Specifically, this involves the development of a second 500 MW floating offshore wind farm site east of the Shetland Islands as part of the ScotWind program. This brings the total capacity of the Arven offshore wind farm to 2,300 MW (2.3 GW).
The Arven offshore wind farm now comprises two sites. The first is the 1.8 GW site east of the Shetland Islands, which was awarded to the 50:50 joint venture between Mainstream and Ocean Winds in 2022 as part of the ScotWind lease process.
Separately, Ocean Winds has been awarded a 500 MW site in the same NE1 area. Mainstream Renewable Power has now completed the acquisition of a 50 percent stake in Ocean Winds’ holding company.

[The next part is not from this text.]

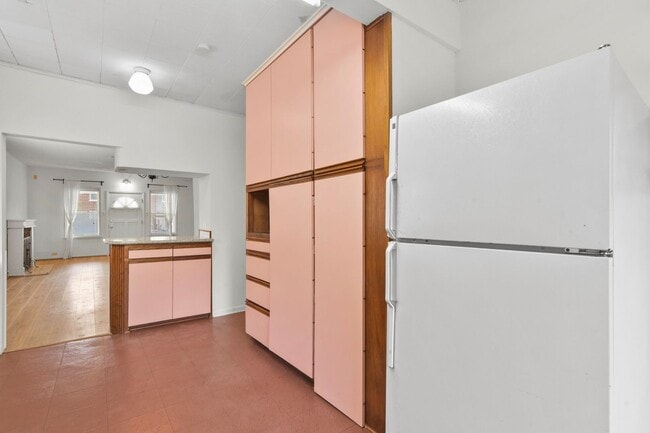 Building Photo - Adorable Montrose Bungaloq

The companies now aim to combine expertise and resources to jointly develop both sites and deliver the largest floating offshore project to date in the history of the two companies.

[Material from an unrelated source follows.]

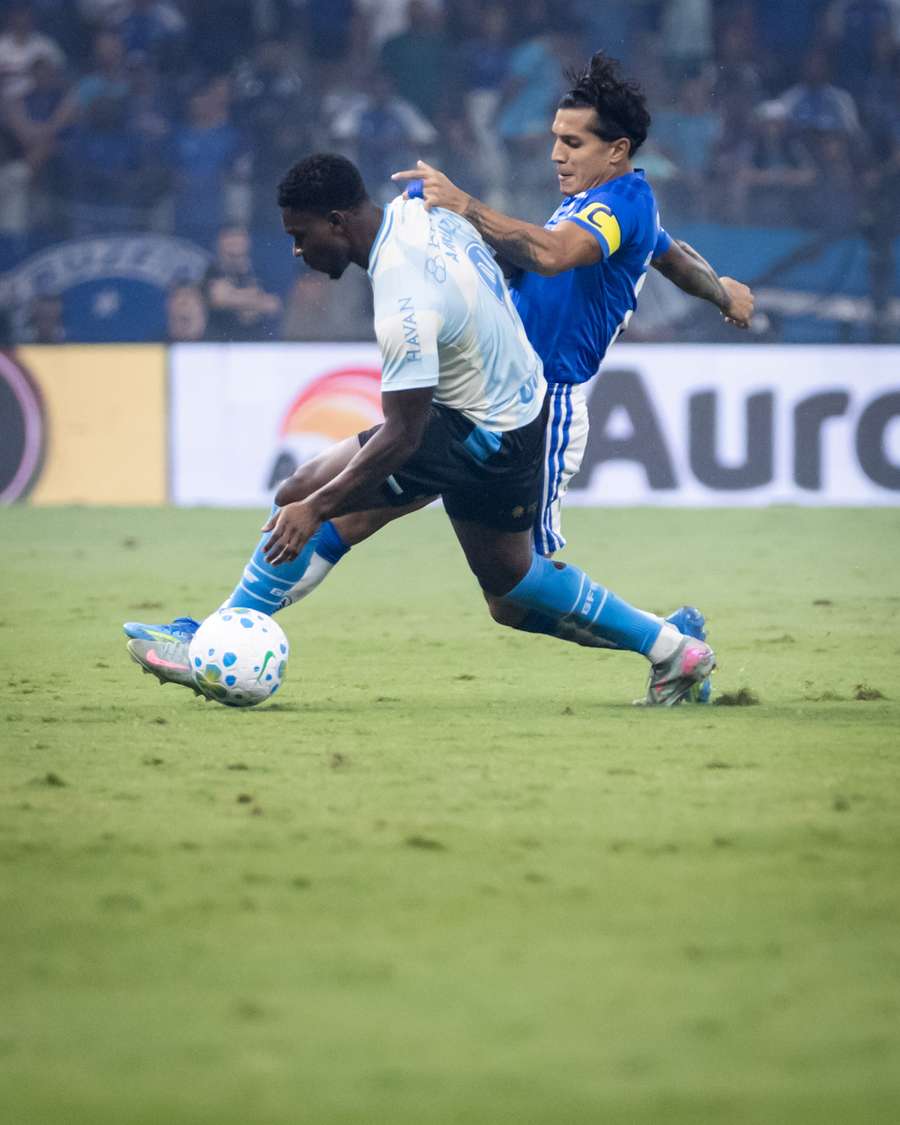 Lucas Romero, capitão do Cruzeiro, foi um dos destaques da partida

Mainstream and Ocean Winds already have a long-standing partnership. The companies are currently developing a 1.2 GW floating offshore wind farm in South Korea. In addition, the companies are part of a consortium for the upcoming tender for the Utsira Nord floating offshore wind farm in Norway.
Mainstream and Ocean Winds have already begun initial discussions with supply chain partners, local authorities and fisheries representatives.
“This experienced partnership will capitalise on delivery experience both in Scotland and internationally,” said Adam Morrison, UK Country Manager at Ocean Winds, welcoming the collaboration. “Mainstream has a solid track record in Scotland and the UK, having successfully developed the Neart na Gaoithe and the Hornsea zone which is the world’s largest offshore wind farm in operation. This remains a core offshore wind market for Mainstream and we look forward, together with Ocean Winds, to continuing our engagements with Crown Estate Scotland and other key stakeholders”, adds Head of Offshore Wind at Mainstream Tove Røskaft.